Proxmox Cluster with Ceph need help to add new machines

DanielB.

New Member
Oct 22, 2021
4
0
1
58
Hi all,

here are my same post from the german forum. Maybe anyone here can help me.

Hello all,

we are testing Proxmox Cluster (version 7.0) incl. Ceph (16.2) in a small environment, because we would like to use this productively.

We have the following as-is state.

Cluster of 3 nodes in HA network incl. Ceph installation. Everything is running fine so far.

In the first test we simulated a defective machine from the 3 node cluster.
We then replaced this defective machine with a new node. We managed to get the cluster running stable and Ceph did not have any errors according to the overview page.

In the next step we tried to simulate a failure of 2 nodes in the sense that the machines have to be replaced.

We proceeded as in the first scenario, with the only difference that the Ceph installation on a new machine did not go through cleanly. It downloaded the packages but lost the connection before we could go to configuration. Ceph Storage reports "unknown" on all nodes and a test container won't boot because it is on the Ceph Storage.

Means we have now in our simulation 2 defective machines from which one was already taken out of the cluster + 1 machine (No.5) with half-baked Ceph state.

In total there are 3 nodes in the cluster. Where no container can be started anymore.

We then tried on machine no.5 to uninstall Ceph using pveceph purge command. Here is the output:
"Error gathering ceph info, already purged? Message: rados_conf_read_file failed - Invalid argument
Error gathering ceph info, already purged? Message: rados_conf_read_file failed - Invalid argument
Foreign MON address in ceph.conf.
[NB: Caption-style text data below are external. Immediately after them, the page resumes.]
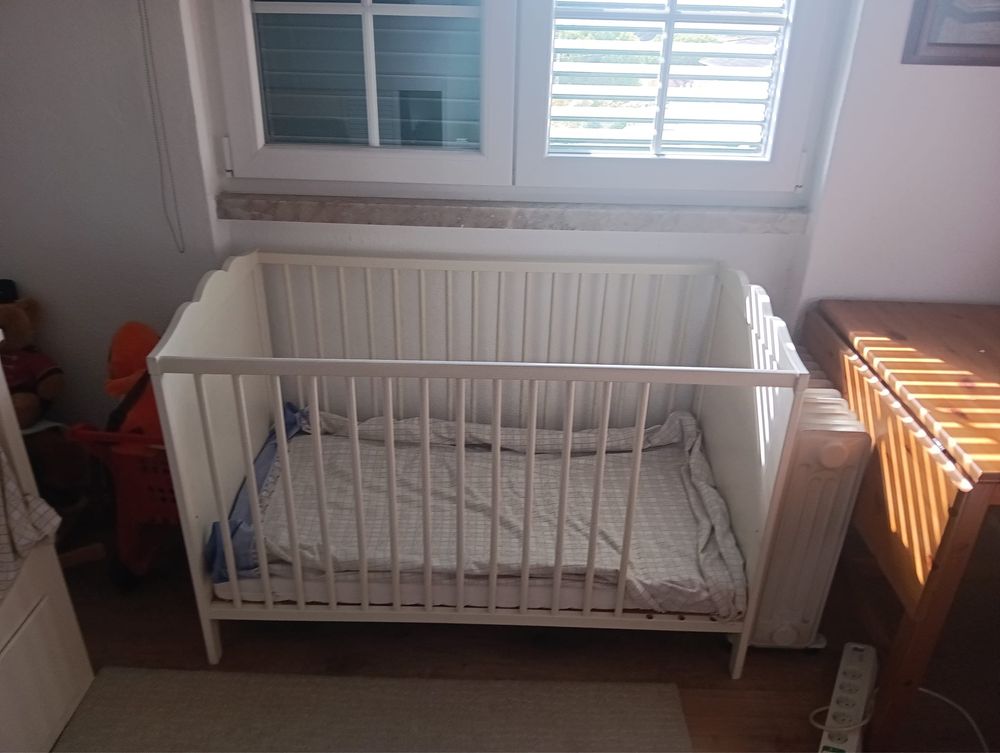 Ikea SMÅGÖRA Berço, branco, 60x120 cm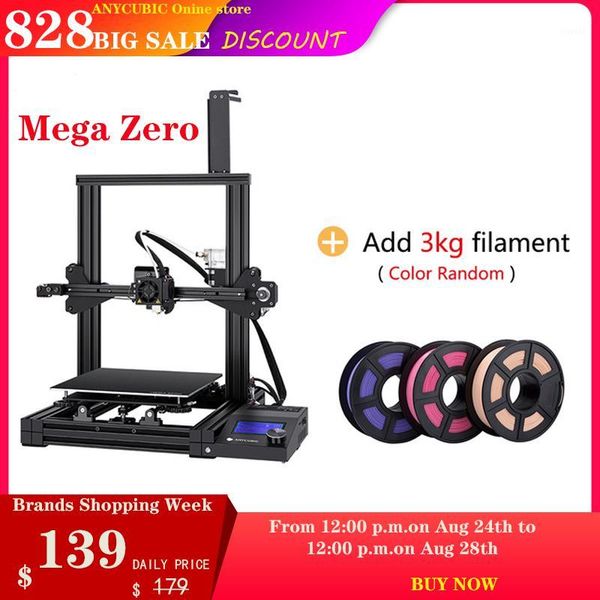 printers anycubic 3d printer mega zero impresora diy kit full metal large printing size touch screen lcd filament sd card drucker1
printers anycubic 3d printer mega zero impresora diy kit full metal large printing size touch screen lcd filament sd card drucker1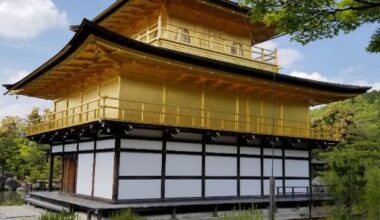 Golden Temple in Kyoto (May 2019)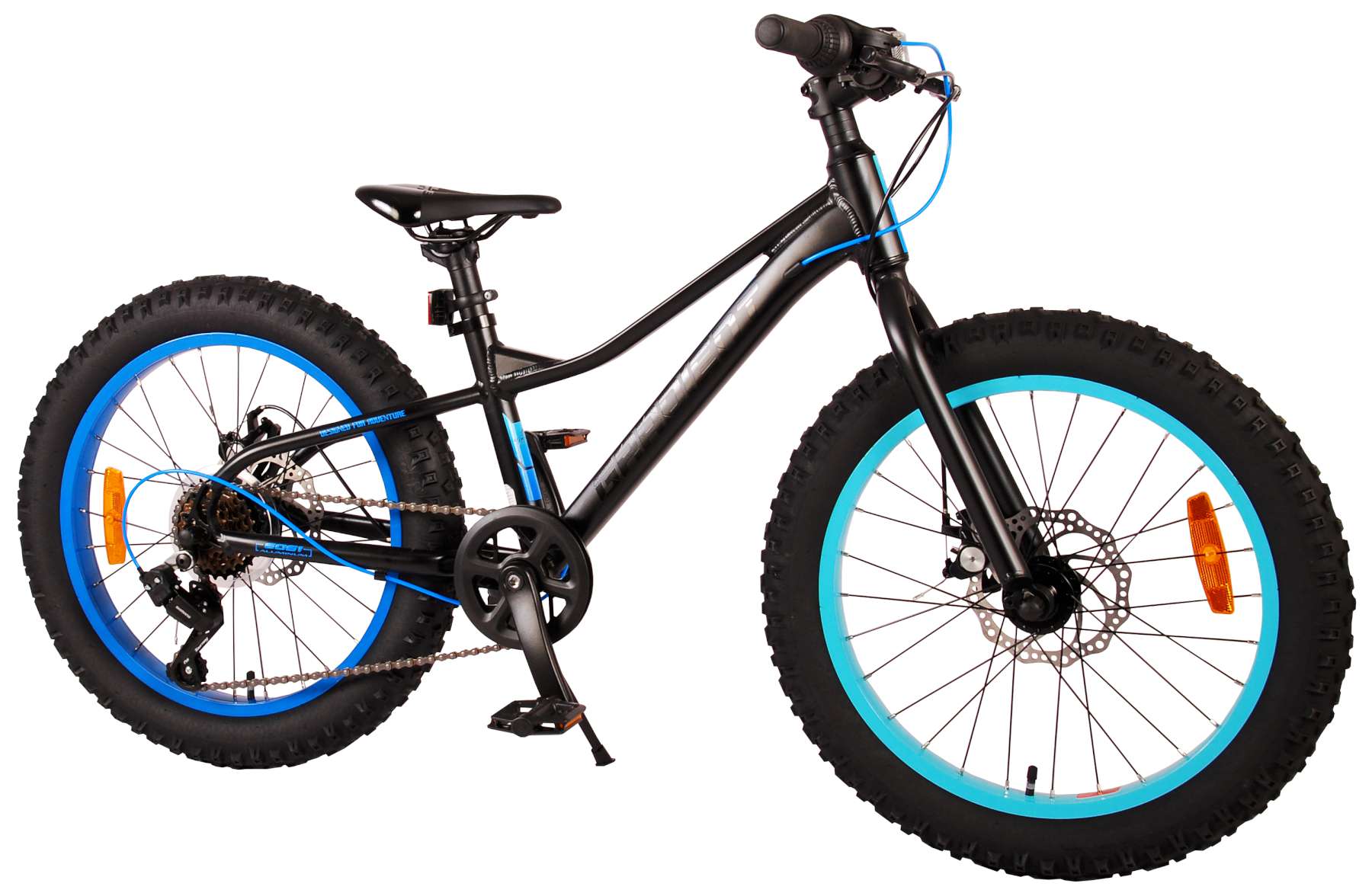 TPFSports Gradient Kinderfahrrad - Jungen - 20 Zoll - 6 Gänge - Scheibenbremse - Schwarz Gelb Grün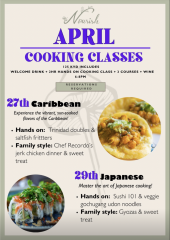 Cooking Classes: Caribbean & Japanese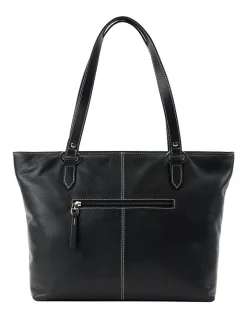Cellini Sierra Zip Top Tote Bag In Black 7 Cellini Sierra Zip Top Tote Bag In Black -Mocha shop 921565990 3 720x928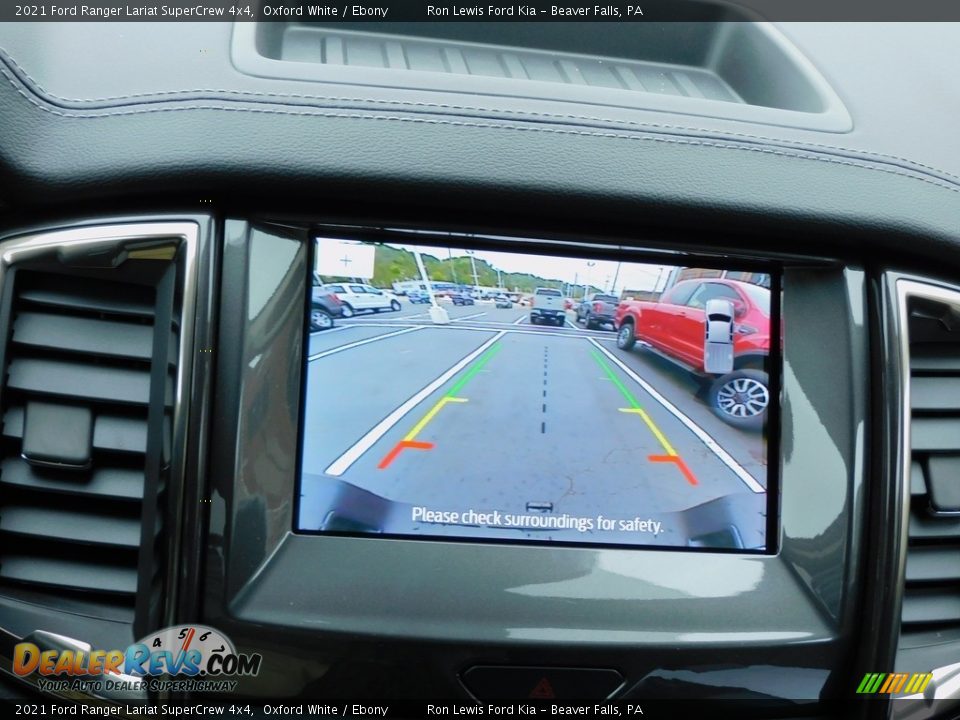 2021 Ford Ranger Lariat SuperCrew 4x4 Oxford White / Ebony Photo #16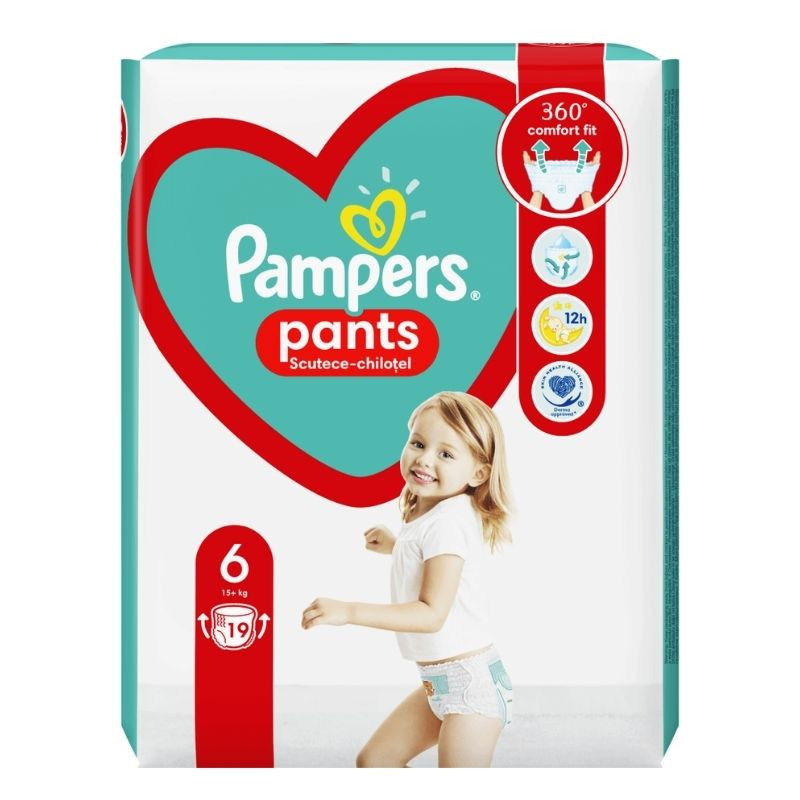 Pampers Pants Scutece Chilotel Marimea 6, 15+kg, 19 Bucati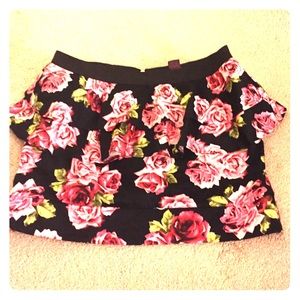 Material Girl Peplum Skirt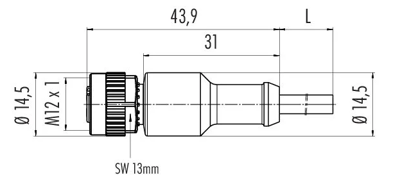 77 3430 0000 50708 0500 binder Sensor-Aktor Kabel Bild 2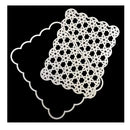 1Pc Lace Square Frame Metal Cutting Dies Stencil Background For DIY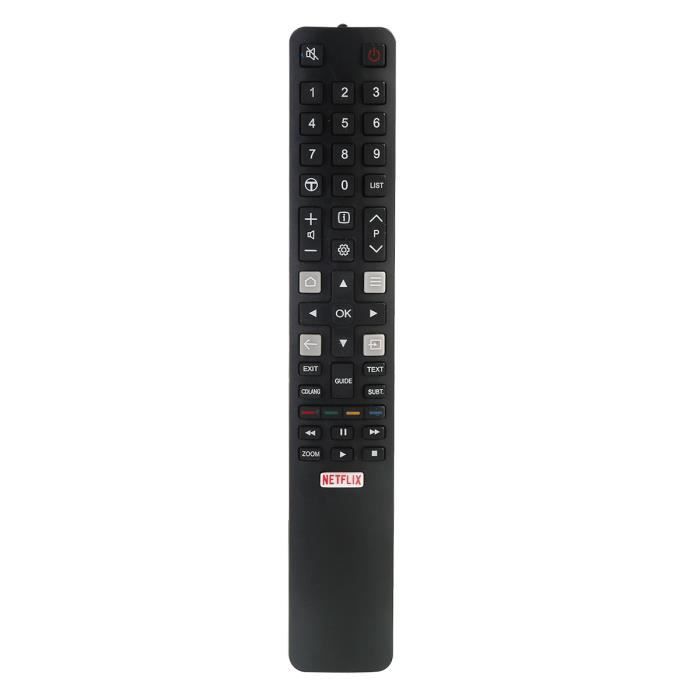 TCL Telecomando Di Ricambio ARC802N / RC802N Per Smart TV TCL – Con Tasti Netflix – Nessuna Configurazione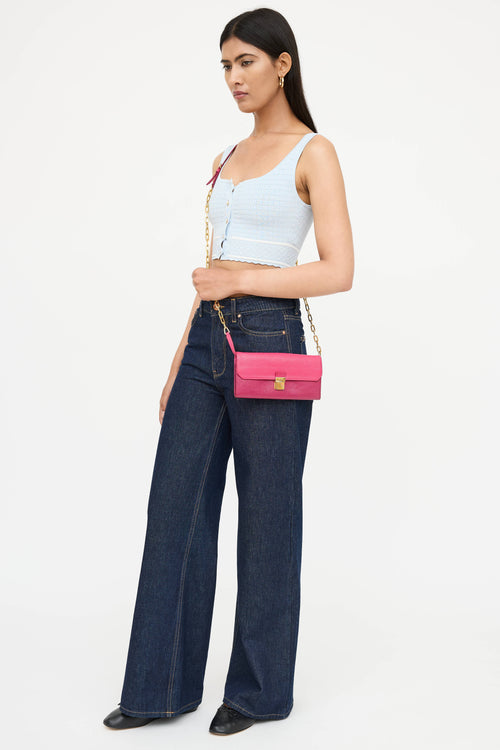 Miu Miu Bicolor Madras Chain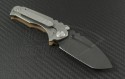 Medford Knife & Tool Brown Praetorian T/E Folder (Black Plain) MKT-MPRAET-BRN-BS14 - Back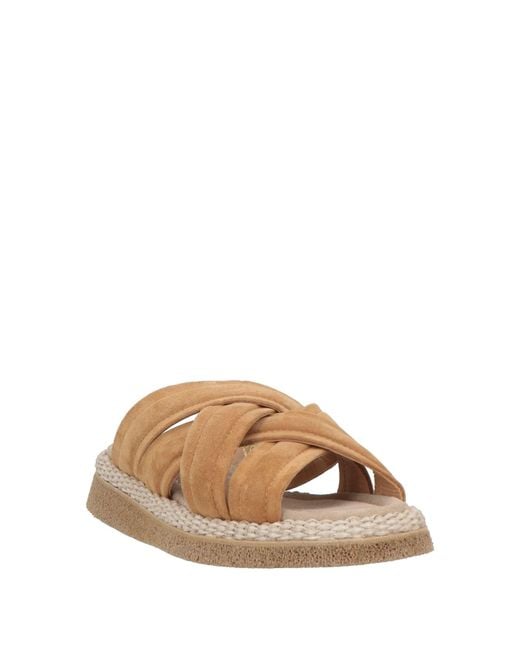 Laura Bellariva Brown Sandals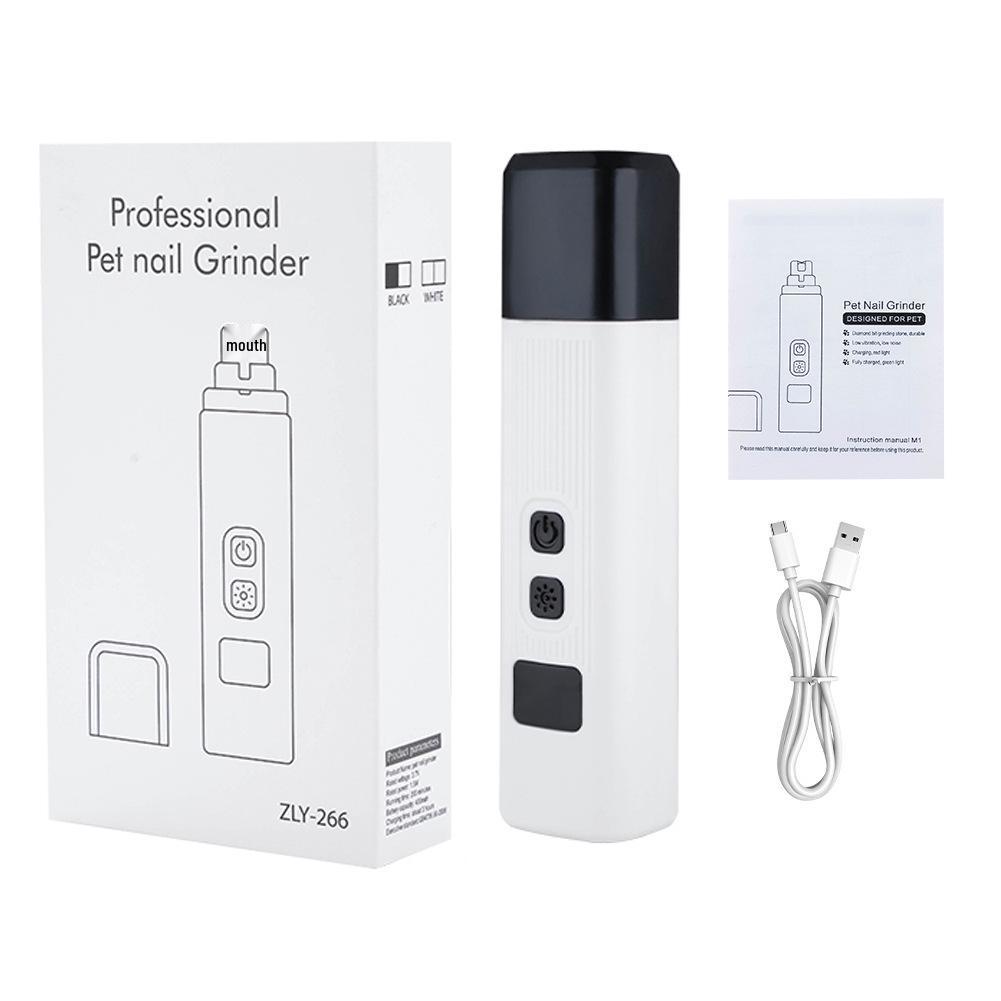 Rechargeable 2-Speed Pet Nail Grinder with Digital Display & Light - Portable Clippers for Cats & Dogs English Neutral Version
Rechargeable 2-Speed Pet Nail Grinder with Digital Display & Light - Portable Clippers for Cats & Dogs English Neutral Version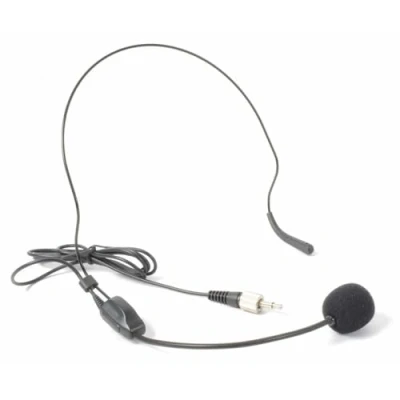 Image de Power Dynamics PDH3 Microphone Serre Tête pour Ordinateur Filaire, Noir, Cordon avec Mini Jack (pour Séries PDWM/STWM), Micro Professionnel, Haute Qualité, Matériel Robuste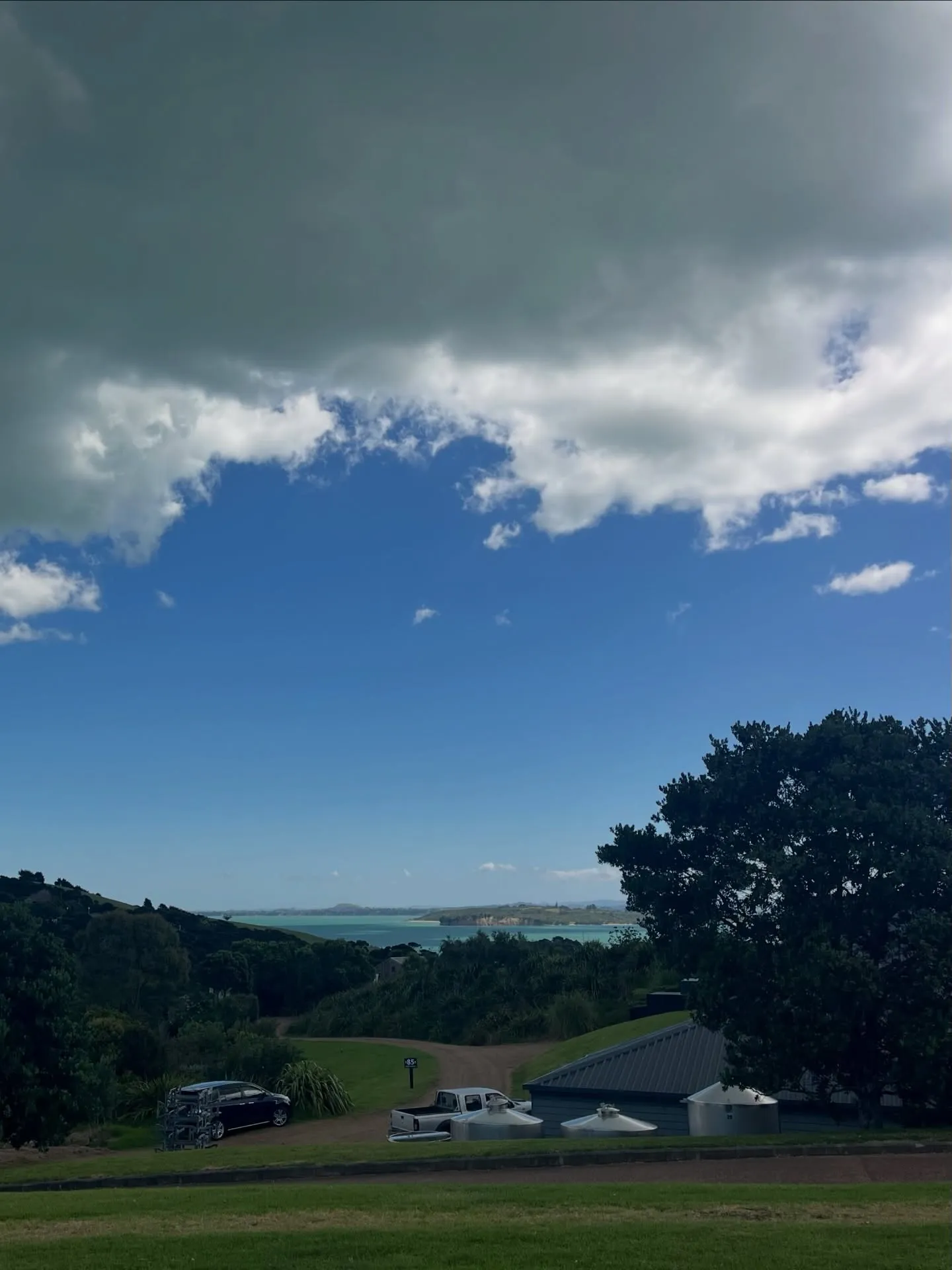 Clouds gathering over the gulf. Clouds gathering over the gulf.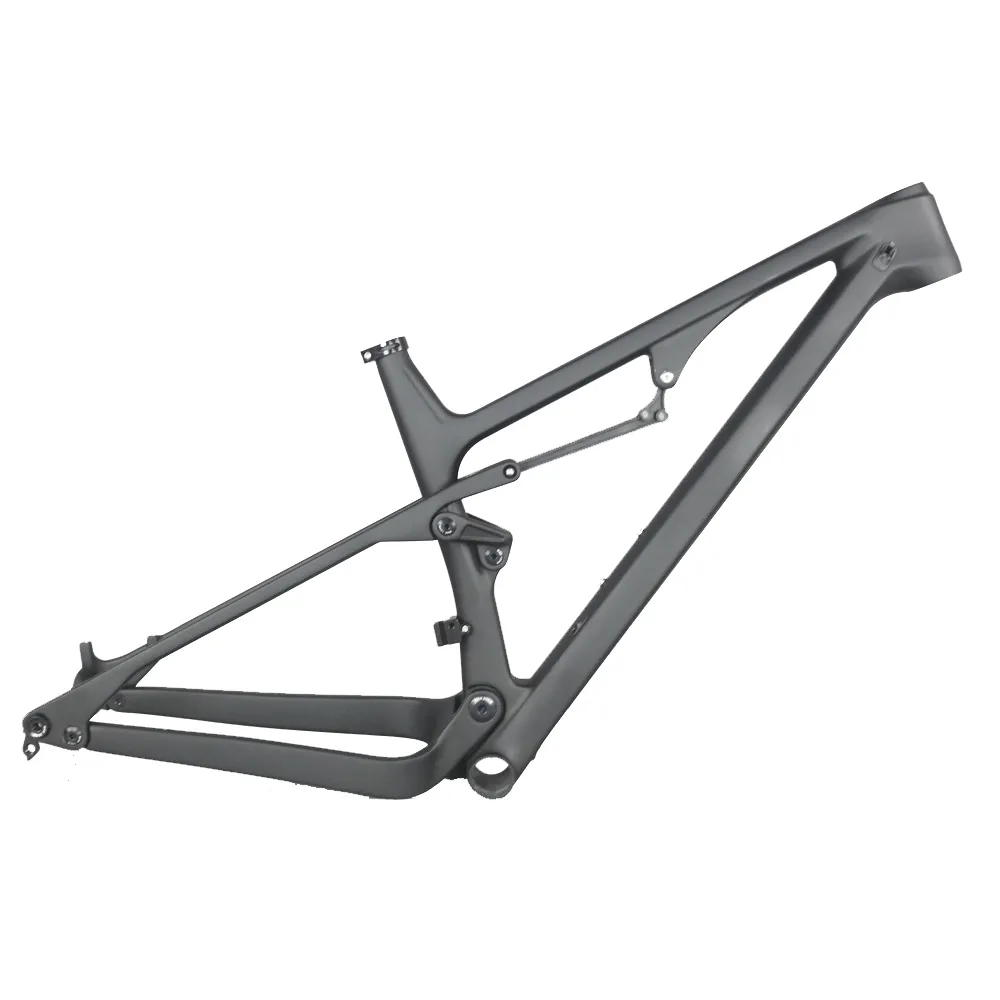 Полная подвеска MTB Carbon Frame FM038 XC Mountain Carbon Framset BB92 UD MATTE CAN CANSTED PAINT 27.5er Boost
Keeping config & keyrings"

We also get the message: "rados_conf_read_file failed - Invalid argument" when we call the Ceph interface in the Proxmox GUI.

Our questions now would be:

1. how do we get the cluster running again without reinstalling everything?
2. how do we get a Ceph installation that did not run cleanly repaired (reinstalled) or uninstalled?
3. is there a disaster recovery guide for a Proxmox cluster installation including Ceph and HA groups that describes the correct procedure?

So far we have only found snippets of documentation e.g. Adding or Removing Node but no best practice.

Thanks for the help.
 
When you have lost two MONs out of three in your Ceph cluster you can only recover by manually editing the MON map. This is a very bad situation and should be avoided. You need at least a majority of running MONs to have a working cluster (2 of 3, 3 of 5, etc.).